What It Feels Like to Have ADHD
Dysregulated: Scattered, racing and excited. I lost my keys again. Frantically bouncing from one idea to another. Hyperfocus kicks in, rabbit hole obsessions. Starting projects, all in. Great fun. The rush, truly feeling alive. Surge of energy. Less needed sleep.
Then the sudden crash. It feels dim and then bleak. I'm distraught. How could this be? Pointless and fraught.
Then another surge of the new, exciting, fresh, dopamine rush. Then the crash. Then the rush.

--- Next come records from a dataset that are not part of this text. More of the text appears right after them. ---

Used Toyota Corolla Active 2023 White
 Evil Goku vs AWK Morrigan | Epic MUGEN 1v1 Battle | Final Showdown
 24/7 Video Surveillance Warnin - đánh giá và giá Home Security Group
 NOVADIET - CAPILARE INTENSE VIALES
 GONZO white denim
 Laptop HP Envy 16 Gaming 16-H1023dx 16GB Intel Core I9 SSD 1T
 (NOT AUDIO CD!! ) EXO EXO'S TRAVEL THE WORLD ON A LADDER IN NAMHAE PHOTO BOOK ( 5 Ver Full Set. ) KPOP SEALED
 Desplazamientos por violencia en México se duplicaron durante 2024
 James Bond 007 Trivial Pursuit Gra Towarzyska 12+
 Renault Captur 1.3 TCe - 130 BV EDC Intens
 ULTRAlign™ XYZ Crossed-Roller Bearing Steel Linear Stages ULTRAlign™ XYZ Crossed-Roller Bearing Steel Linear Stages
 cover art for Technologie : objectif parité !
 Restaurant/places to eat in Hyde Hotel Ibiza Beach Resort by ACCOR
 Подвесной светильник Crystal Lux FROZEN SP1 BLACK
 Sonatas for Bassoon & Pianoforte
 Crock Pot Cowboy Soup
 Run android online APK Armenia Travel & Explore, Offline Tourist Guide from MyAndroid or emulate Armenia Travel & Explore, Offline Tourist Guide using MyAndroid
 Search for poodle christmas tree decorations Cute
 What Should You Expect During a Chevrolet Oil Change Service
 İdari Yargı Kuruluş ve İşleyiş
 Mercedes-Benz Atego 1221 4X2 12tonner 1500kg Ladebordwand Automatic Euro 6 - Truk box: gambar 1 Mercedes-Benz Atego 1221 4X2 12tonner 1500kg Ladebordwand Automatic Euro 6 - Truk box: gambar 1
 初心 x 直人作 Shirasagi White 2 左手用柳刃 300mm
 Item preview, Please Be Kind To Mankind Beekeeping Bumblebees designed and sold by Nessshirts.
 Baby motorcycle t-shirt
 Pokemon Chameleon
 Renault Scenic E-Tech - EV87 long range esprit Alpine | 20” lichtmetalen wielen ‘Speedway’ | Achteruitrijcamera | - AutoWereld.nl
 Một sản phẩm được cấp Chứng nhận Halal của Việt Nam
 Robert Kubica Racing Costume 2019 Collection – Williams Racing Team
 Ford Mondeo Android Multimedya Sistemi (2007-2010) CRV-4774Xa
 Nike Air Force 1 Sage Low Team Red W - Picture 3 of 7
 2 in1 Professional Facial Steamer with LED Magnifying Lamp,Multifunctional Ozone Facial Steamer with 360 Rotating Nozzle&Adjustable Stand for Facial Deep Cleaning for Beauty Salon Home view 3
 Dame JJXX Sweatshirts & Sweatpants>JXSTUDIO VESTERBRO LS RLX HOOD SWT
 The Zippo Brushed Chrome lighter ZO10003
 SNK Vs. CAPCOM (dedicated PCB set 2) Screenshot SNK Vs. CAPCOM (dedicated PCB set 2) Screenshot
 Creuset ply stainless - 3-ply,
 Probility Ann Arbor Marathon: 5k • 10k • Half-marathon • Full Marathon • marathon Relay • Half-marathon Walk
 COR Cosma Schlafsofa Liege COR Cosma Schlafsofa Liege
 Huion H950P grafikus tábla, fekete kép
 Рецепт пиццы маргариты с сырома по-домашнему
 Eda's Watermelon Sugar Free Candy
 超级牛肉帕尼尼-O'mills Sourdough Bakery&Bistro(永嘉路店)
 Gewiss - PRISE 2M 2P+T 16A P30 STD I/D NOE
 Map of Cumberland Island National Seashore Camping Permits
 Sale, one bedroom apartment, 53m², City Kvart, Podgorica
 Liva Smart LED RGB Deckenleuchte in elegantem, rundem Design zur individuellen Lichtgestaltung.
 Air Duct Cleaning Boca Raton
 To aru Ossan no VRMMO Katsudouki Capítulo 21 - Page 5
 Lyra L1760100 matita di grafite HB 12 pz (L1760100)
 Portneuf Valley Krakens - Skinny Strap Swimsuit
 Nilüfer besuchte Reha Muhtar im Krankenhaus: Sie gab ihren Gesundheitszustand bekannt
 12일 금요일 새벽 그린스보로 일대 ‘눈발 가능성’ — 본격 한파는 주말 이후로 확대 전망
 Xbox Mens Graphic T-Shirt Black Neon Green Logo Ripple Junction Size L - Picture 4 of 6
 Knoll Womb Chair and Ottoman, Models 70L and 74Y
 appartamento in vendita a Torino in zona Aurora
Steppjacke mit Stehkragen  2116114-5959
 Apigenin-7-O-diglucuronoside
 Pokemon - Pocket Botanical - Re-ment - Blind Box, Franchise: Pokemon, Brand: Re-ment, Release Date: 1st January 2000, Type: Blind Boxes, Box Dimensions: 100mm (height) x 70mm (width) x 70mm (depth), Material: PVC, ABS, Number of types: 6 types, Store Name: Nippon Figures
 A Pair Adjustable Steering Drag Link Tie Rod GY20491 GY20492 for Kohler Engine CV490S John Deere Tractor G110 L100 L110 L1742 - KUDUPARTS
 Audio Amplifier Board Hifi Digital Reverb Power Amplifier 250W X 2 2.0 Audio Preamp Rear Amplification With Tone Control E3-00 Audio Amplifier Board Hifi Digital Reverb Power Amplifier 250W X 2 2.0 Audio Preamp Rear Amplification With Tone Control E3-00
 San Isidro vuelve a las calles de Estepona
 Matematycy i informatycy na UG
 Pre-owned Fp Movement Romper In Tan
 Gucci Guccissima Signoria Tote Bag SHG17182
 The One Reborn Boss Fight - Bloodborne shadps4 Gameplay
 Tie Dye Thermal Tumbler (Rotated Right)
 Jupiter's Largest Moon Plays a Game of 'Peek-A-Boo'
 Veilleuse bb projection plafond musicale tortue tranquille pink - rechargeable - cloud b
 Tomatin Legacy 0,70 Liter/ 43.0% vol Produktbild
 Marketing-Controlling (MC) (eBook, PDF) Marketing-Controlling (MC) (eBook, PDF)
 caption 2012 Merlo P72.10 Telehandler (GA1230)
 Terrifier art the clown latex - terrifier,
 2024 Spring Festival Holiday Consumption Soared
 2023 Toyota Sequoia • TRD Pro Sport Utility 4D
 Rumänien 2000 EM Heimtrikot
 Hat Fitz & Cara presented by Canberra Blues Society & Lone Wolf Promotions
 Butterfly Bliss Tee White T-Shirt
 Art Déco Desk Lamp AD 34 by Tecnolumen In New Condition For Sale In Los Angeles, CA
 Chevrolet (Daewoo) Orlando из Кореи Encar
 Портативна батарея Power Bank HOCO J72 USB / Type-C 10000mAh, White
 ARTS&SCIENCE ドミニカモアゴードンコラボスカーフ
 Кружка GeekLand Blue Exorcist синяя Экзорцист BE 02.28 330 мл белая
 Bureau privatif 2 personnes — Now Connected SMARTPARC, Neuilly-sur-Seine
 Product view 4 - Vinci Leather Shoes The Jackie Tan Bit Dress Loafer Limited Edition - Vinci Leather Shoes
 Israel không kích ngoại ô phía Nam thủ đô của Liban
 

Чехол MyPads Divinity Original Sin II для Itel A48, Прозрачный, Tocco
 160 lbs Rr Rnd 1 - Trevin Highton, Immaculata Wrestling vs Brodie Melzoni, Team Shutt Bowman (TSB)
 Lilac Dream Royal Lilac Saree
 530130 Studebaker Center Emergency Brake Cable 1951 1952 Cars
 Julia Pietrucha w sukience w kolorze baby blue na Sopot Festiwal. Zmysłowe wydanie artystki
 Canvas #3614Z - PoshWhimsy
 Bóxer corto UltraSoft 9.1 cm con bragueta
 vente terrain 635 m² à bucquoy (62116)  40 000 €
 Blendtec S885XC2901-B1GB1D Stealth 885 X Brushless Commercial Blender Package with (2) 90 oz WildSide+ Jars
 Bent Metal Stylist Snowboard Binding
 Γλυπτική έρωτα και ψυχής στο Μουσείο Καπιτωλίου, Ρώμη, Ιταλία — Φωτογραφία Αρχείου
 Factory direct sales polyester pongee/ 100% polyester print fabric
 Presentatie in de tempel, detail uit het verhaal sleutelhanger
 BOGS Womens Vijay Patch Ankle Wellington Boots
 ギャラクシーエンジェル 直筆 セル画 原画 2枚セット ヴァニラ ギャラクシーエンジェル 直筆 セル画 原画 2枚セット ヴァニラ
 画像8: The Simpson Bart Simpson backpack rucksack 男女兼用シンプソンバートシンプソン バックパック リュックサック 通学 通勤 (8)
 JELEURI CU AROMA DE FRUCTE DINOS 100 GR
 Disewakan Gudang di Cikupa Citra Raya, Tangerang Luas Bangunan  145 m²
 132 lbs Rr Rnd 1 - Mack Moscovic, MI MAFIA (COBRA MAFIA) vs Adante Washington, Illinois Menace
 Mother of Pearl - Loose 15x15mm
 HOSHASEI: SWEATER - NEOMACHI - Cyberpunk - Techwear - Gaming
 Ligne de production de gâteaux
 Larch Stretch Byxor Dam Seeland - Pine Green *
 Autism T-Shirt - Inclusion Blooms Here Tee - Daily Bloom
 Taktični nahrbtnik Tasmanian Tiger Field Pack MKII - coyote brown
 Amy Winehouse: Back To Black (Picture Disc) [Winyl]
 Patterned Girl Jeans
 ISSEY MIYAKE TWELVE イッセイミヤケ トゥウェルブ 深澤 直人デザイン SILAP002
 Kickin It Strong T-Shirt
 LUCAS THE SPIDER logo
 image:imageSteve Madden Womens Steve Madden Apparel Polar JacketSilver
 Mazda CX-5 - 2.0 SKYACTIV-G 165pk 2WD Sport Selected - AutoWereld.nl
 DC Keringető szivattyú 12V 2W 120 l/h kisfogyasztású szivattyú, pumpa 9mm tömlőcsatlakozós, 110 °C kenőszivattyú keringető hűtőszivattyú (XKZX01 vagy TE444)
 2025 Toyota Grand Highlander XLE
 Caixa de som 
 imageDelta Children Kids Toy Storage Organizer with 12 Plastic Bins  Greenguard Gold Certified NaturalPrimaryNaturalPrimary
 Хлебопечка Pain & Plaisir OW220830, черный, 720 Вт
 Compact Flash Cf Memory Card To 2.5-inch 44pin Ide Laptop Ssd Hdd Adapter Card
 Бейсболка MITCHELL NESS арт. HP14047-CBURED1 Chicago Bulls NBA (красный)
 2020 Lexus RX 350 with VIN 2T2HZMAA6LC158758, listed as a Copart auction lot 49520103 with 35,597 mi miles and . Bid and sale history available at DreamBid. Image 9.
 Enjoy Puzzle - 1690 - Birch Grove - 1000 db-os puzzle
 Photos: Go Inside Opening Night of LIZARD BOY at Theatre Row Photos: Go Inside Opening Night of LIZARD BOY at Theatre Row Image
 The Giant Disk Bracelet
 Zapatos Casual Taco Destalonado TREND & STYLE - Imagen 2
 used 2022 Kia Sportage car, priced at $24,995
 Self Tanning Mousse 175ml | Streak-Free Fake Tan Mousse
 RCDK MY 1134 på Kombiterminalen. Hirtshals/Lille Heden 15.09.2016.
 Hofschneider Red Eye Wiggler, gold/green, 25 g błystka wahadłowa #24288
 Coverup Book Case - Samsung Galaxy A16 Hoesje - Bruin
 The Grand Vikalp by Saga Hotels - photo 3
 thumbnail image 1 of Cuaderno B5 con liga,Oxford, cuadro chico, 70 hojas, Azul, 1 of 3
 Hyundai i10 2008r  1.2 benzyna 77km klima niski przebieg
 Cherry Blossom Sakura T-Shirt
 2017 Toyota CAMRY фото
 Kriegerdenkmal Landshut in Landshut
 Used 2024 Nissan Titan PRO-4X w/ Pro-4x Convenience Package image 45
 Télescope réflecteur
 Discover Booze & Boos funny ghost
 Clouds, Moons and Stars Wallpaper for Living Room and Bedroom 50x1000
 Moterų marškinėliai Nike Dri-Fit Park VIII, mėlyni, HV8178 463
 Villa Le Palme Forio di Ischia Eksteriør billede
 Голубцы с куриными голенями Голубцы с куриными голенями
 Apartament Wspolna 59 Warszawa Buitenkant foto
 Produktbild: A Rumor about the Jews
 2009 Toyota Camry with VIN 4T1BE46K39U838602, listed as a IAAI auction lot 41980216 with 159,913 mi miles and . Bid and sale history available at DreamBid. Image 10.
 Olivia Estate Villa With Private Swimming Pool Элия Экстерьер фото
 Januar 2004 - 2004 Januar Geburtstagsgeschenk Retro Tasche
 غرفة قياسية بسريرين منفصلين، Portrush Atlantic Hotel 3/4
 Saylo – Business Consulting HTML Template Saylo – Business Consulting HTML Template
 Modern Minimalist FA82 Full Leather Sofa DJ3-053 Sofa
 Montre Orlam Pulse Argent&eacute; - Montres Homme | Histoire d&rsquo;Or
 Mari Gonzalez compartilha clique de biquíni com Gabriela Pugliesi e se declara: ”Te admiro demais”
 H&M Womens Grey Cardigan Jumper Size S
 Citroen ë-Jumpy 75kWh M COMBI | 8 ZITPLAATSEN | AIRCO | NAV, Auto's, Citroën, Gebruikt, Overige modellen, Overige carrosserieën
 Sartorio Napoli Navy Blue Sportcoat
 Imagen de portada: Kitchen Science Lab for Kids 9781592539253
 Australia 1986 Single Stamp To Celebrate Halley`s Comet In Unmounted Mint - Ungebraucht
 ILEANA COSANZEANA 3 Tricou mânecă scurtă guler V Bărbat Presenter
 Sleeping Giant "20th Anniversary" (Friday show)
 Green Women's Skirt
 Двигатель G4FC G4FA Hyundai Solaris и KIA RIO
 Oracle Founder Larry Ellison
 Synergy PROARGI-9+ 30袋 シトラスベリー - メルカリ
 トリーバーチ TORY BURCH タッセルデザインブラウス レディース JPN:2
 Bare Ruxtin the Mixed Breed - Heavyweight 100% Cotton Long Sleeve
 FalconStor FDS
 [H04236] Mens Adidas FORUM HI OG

Maybe you have ADHD? Hmmm, how could this be? Ohhhh, yeaaaa now it makes sense. But meds? Give it a try. Oh wow, so this is what if feels like to be able to think clearly and be able to read linearly? But the meds aren't a magic pill and I don't feel super still.
Feeling the need to explain the way my brain thinks. Oversharing. Not being able to sit through a movie, but if it is stimulating then maybe rewatching it many times. Or repeatedly listening to the same song. Trying to get that first hit. Starting many books at the same time, rarely getting through them or just reading the last pages. The hope of going through ADHD piles.
Distracted by sounds of the keyboard typing and sounds in the background that become the forefront. Mid afternoon dip. Crankiness, irritability, emotional swings. Tricky transitioning from one task to another.
Regulated: Balanced. Executing big ideas, creativity and vision! Centered and grounded. Practicing my coping skills, brisk movement, dance, art and pace. Sounds boring, but it feels calmer.
***Practicing publishing over perfecting.